Only an exact, line-for-line copy of the data will serve as the answer.

Data:
-- Opening Marker --
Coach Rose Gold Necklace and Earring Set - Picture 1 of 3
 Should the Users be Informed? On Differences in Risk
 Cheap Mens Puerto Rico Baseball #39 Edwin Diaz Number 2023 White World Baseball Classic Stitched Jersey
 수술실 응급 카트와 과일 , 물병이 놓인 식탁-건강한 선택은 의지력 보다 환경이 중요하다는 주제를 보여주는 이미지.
-- Closing Marker --
Response to this task:
Coach Rose Gold Necklace and Earring Set - Picture 1 of 3
 Should the Users be Informed? On Differences in Risk
 Cheap Mens Puerto Rico Baseball #39 Edwin Diaz Number 2023 White World Baseball Classic Stitched Jersey
 수술실 응급 카트와 과일 , 물병이 놓인 식탁-건강한 선택은 의지력 보다 환경이 중요하다는 주제를 보여주는 이미지.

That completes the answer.